Resilience is the pathway to Eudaimonia
From November 2021 to December 2021, Fabiola Aliaj worked as an intern for our project ‘Life is tough, but so are you’. She wrote an interesting blogpost about resilience as the pathway to eudaimonia, and included both her personal story and some tips in it.
Resilience is the pathway to Eudaimonia by Fabiola Aliaj
Looking back in time around 3rd century BC, Zeno of Citium founded the philosophical school of Stoicism. The Stoics believed that the goal of ethics is eudaimonia. Eudaimonia, a Greek word often translated simply as “happiness”, was described by Aristotle as “human flourishing”, the “activity of the soul in accordance with virtue”.
Without doubt we all want to flourish as human beings and be happy.
However according to research one third of our life is spent at work, meaning that an average person will spend 90,000 hours at work over a lifetime. Since this is such an incredible amount of time, our work life can have a significant impact on our level of happiness and mental health. Thus, pursuing eudaimonia during our working time is essential.

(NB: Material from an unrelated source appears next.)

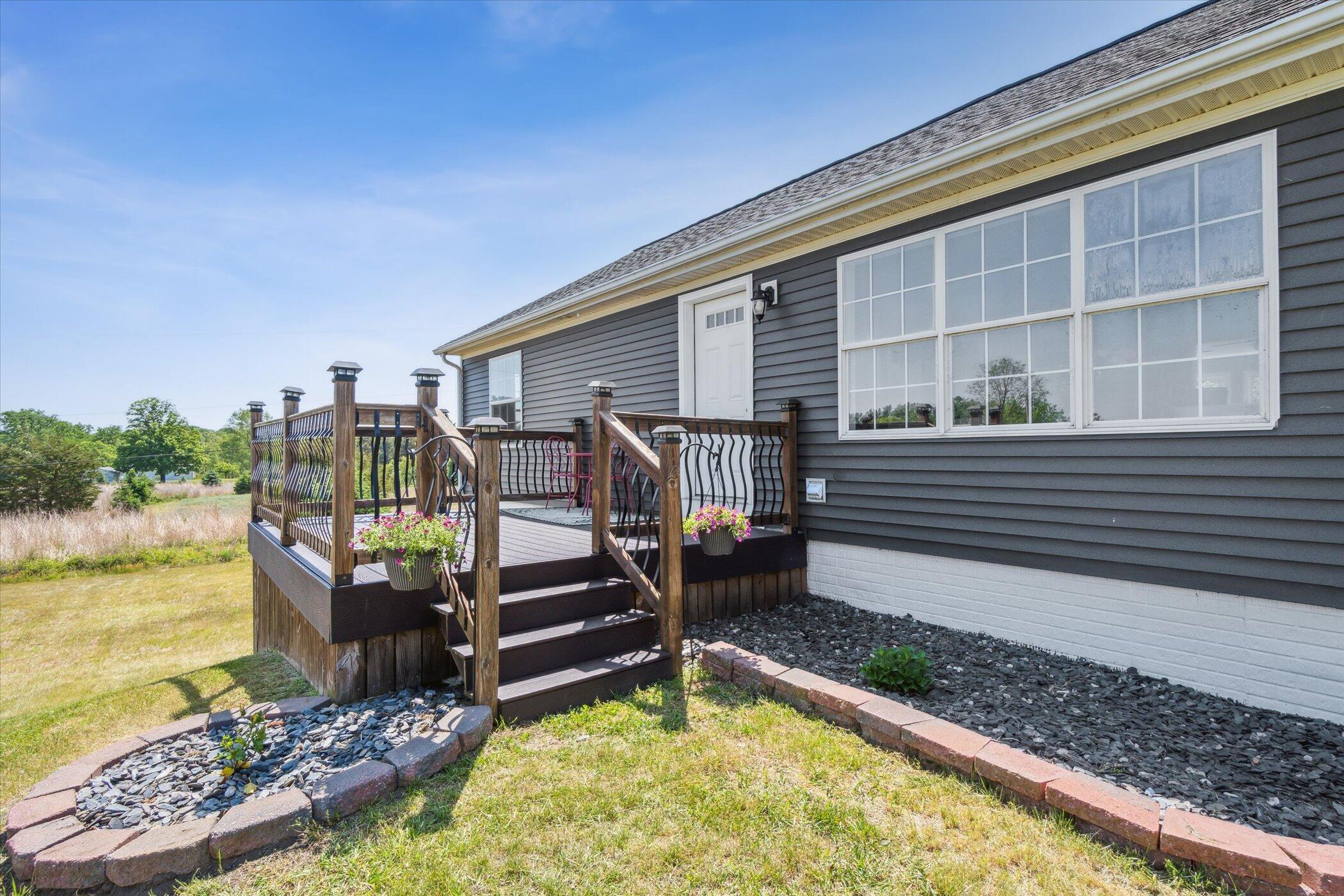 9715 Humphrey Road Reading, MI 49274 - Photo 6 of 51 06-9715-Humphrey-Rd-Reading-MI-49274-Win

Building up resilience is a critical task for your overall well-being. I am borrowing the title of my supervisor’s project programme because it speaks for itself. Life is tough but so are you! Resilient teachers not only recover from difficult situations, but also flourish professionally and personally, resulting in work motivation, positive self-esteem, wellbeing, and commitment to the profession. Simply put, Resilience is the capacity to recover quickly from difficulties. Resilience is what keeps your can-do spirit high and fuels your determination to press forward.

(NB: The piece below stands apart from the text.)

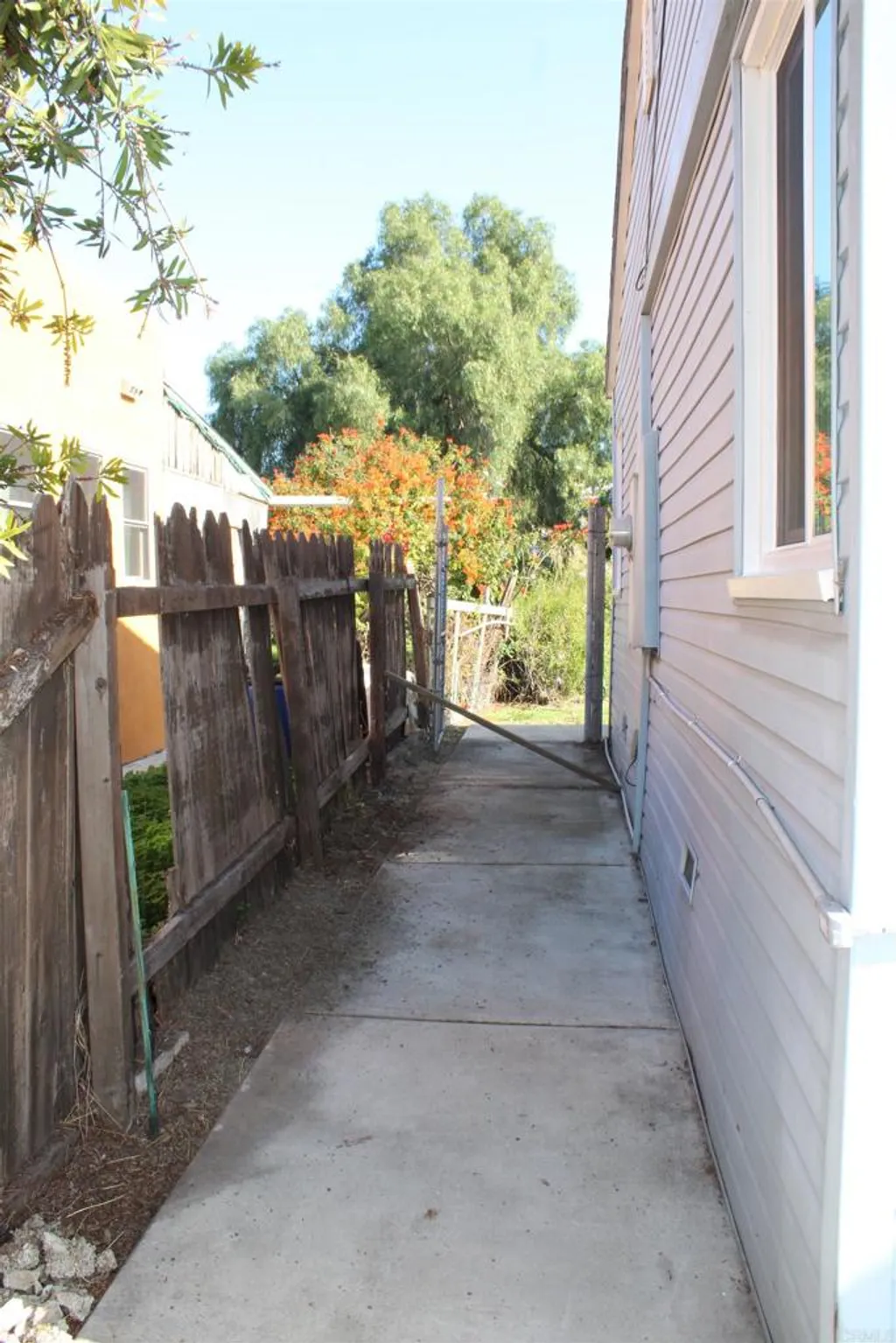 Additional image 4 of 1109 Del Mar Avenue, Chula Vista, CA 91911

But how can we build resilience?
- BRiTE modules ≈ The BRiTE modules are online blended modules https://www.brite.edu.au that aim to enhance the resilience of pre-service teachers. It’s basically your personal toolkit.
- Create a social-media support network ≈ As the philosopher Aristotle has stated “Man is by nature a social animal”, indeed we simply cannot function in isolation. Family – friends and peers play a tremendous role to your well being. Having a supportive environment of family/friends has been shown in numerous studies to alleviate the effects of emotional distress, boost self-esteem, lower cardiovascular risks (such as blood pressure), promote healthy lifestyle behaviors, and so many other positive impact.
- Ask for help ≈ It is such a simple trick yet so difficult to do. Personally, I avoid asking for help because I don’t want to be a burden to others, or I genuinely don’t want to be obliged to anyone. BUT asking for help makes you more resilient already, because you set aside your weakness and recognise your need to be helped. You will be so relieved about sharing your feelings, your stress levels will drop, you actually prevent problems getting bigger, you start gaining some perspective and also you learn that a little bit of help may be the push you needed to offer help to others and that increases your “happy hormones”.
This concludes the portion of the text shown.